Antecedentes e objeto da investigação A investigação incide sobre alegadas irregularidades em contratos públicos adjudicados por autarquias e juntas de freguesia. De acordo com a Polícia Judiciária, estão em causa procedimentos de ajuste direto ou de consulta prévia que terão sido realizados em violação das normas legais aplicáveis e com prejuízo para o erário público. O inquérito teve por objeto principal factos relativos a adjudicações por autarquias, num valor global próximo de dois milhões de euros, bem como a emissão de faturas para recebimento indevido, por dois suspeitos, de quantias provenientes de partido político. Segundo a mesma fonte, além de suspeitas de prevaricação e participação económica em negócio, o Ministério Público investiga ainda a eventual prática de peculato, abuso de poderes, burla qualificada, falsificação de documento e fraude fiscal qualificada. Um dos focos da investigação é a Junta de Freguesia de Santa Maria Maior, em Lisboa, assim como alegados favorecimentos na contratação de militantes socialistas e na adjudicação direta de serviços a empresas ligadas ao Partido Socialista. Os factos sob investigação teriam ocorrido entre 2016 e 2022.

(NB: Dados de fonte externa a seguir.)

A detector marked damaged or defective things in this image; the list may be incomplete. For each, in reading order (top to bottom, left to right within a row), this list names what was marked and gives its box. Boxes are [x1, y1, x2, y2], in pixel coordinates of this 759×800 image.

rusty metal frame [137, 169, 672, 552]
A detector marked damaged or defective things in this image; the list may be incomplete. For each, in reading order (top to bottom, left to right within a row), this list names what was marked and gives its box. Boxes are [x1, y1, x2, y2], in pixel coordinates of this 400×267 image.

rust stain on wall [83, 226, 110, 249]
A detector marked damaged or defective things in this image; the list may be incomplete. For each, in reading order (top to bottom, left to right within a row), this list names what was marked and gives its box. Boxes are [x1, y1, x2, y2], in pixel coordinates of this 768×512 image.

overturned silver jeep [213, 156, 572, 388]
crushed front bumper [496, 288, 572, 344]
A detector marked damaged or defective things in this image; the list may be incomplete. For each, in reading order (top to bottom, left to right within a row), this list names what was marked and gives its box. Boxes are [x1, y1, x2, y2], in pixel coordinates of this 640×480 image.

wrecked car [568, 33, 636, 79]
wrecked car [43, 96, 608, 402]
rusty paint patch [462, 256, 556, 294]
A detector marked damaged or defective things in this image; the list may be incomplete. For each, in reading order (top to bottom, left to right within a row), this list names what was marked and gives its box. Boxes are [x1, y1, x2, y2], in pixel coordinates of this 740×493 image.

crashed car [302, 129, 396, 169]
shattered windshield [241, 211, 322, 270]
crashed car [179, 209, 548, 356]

Buscas e detenções A operação foi desencadeada em 28 de maio de 2026, com buscas em vários pontos do país. Segundo a PJ, os mandados foram cumpridos nas zonas de Lisboa, Mafra, Oeiras e Coimbra, abrangendo também a Amadora e várias freguesias e câmaras da Área Metropolitana de Lisboa. Entre os locais alvo de buscas esteve a sede nacional do Partido Socialista, no Largo do Rato, em Lisboa. A PJ anunciou cinco detenções: quatro fora de flagrante delito e uma em flagrante delito, esta última por posse ilegal de arma. Foram também constituídos 37 arguidos. Um dos detidos foi Duarte Moral, antigo assessor de António Costa e, à data da operação, colaborador ligado à comunicação do secretário-geral do PS, José Luís Carneiro. O antigo presidente da Junta de Freguesia de Santa Maria Maior, Miguel Coelho, é também um dos visados pela investigação. Os detidos deveriam ser presentes ao Tribunal Central de Instrução Criminal, em Lisboa, para primeiro interrogatório judicial e eventual aplicação de medidas de coação. A operação foi conduzida pela Polícia Judiciária através da Unidade Nacional de Combate à Corrupção, com acompanhamento de sete magistrados do Ministério Público. O inquérito é dirigido pelo DIAP Regional de Lisboa.

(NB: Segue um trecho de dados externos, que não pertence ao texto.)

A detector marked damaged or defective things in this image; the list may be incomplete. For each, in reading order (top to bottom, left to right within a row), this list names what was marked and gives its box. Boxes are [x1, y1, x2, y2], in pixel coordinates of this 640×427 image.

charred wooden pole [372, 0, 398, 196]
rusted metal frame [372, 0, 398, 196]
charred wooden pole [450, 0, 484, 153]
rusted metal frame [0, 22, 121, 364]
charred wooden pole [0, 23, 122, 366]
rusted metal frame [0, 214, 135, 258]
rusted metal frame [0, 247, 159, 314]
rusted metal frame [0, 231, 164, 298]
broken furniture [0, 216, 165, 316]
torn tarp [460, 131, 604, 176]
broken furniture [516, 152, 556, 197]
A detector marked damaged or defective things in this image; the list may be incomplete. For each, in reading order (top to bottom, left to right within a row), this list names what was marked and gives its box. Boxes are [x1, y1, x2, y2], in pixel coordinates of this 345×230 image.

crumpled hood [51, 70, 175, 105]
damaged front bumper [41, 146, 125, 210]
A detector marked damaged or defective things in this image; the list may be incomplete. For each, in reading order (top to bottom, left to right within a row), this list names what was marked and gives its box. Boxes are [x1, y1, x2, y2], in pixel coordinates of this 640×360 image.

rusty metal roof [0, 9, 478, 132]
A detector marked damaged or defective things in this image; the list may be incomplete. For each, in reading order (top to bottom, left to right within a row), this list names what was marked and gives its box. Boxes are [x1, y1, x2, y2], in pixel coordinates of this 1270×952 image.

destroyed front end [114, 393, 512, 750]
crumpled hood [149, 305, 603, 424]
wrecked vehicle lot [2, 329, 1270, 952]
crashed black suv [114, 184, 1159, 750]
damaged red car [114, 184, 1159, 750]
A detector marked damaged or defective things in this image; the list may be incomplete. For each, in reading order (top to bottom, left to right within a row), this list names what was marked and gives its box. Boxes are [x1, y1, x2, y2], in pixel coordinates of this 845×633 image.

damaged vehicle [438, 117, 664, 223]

Reações O Partido Socialista confirmou, em comunicado, que a Polícia Judiciária estava na sua sede nacional a realizar diligências relacionadas com atividades imputadas a um dos seus trabalhadores, mas afirmou que o partido «não é, como tal, visado pela investigação», acrescentando estar a colaborar com a PJ no sentido de assegurar a boa condução das investigações e o respeito pelas regras do Estado de direito. A líder da Iniciativa Liberal, Mariana Leitão, afirmou estar surpreendida com os contornos do caso e esperar que a justiça fizesse o seu trabalho. O deputado socialista André Rijo, antigo coordenador autárquico do PS, afirmou que competia às autoridades judiciárias fazer o seu trabalho e que caberia ao PS retirar consequências políticas se elas existissem.